American Song now live

I am pleased to announce that American Song is now live! Contact us to set up a free trial for your library or institution.

American Song is a history database of 50,000 songs that users listen to over the Internet. It allows people to hear and feel the music from our past. Much more than a repository of well known classics like Yankee Doodle and The Star Spangled Banner, this new resource includes music that relates to almost every walk of American life, every ethnic group, and every time period. You’ll find songs by and about American Indians, miners, immigrants, slaves, children, pioneers, and cowboys. There are the songs of Civil Rights, political campaigns, Prohibition, the Revolutionary War, the Civil War, and anti-war protests. Hymns, funny songs, college songs, sea shanties, shape note songs, and about topics as diverse as New York and electricity.

What was the human impact of the industrial revolution? Listen to songs sung by coal miners (Eight Hour Day) to understand the long hours and strife that workers and their families endured. During the influx of immigrants to America in the early 1900s, the backlash toward specific immigrant groups was expressed in songs such as No Irish Need Apply. Propaganda during World War II took the form of songs to inspire patriotism, as in I’m Gonna Put My Name Down and If You Want to Do Your Part.

American Song will become the definitive source for American roots music and pre-1960 American popular music. It encompasses the great American musical genres including country, folk, bluegrass, Western, old time, American Indian, blues, gospel, and shape note singing—combined with powerful recordings by artists such as Woody Guthrie, Pete Seeger, Peggy Seeger, Si Kahn, Lead Belly, Sleepy LaBeef, the New Lost City Ramblers, Otis Clay, Eddy “The Chief” Clearwater, Nanci Griffith, The Lilly Brothers, Merle Travis, and many others.

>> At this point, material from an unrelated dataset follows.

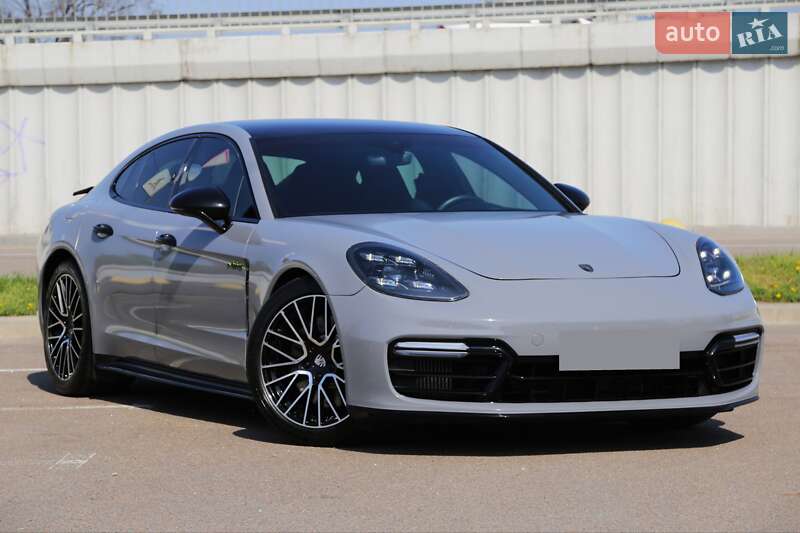 Фастбэк Porsche Panamera 2019 в 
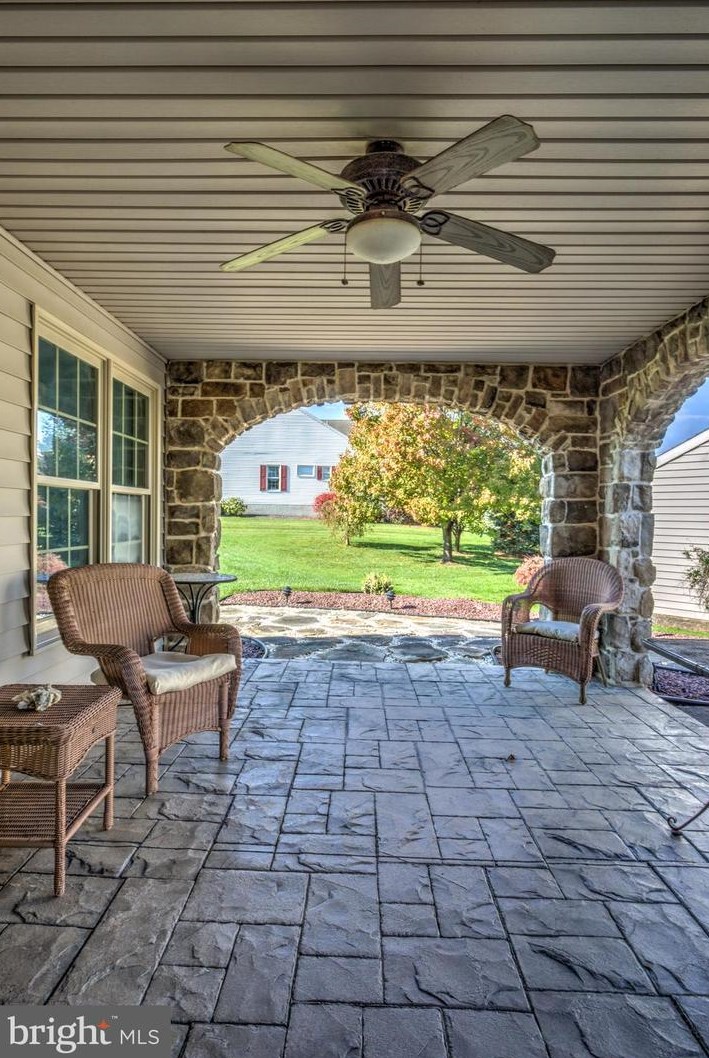 761 Heather Rdg, Old Line PA  17545-8552 exterior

The music comes from Rounder Records, the Smithsonian Institution, Document Records, and other labels and sources. There will be fully searchable lyrics where available, beginning with the second release, along with links to Web resources, sheet music, and more.

Listening to the music of the American experience brings an entirely new dimension to studies in history, music, literature, diversity, sociology, and related disciplines.

American Song gives music scholars a rich resource for research in its own right. Students and instructors can at last bring the music of a time or a topic into nearly every discipline in the humanities and social sciences. Music lovers can enjoy traveling back in time to discover new favorites and moving into the present to enjoy the familiar.

Songs like the following provide a rich source for understanding the American experience: New Massachusetts Liberty Song (1775); Hurrah for Grant! (1868 election song); Influenza Blues (1919); The Titanic Disaster (1912); The Battle of Saratoga (1777); The Ludlow Massacre (1914); Prohibition is a Failure; If You Miss Me From the Back of the Bus (Civil Rights song); The Wreck of the Old 97 (1903 railroad song); Chisolm Trail (cowboy song); The Harrison Song (War of 1812); Poor Paddy Works on the Railway (railroad song); I Rode Southern, I Rode L&N (railroad song); Zion’s Walls (shape note song); and tens of thousands more.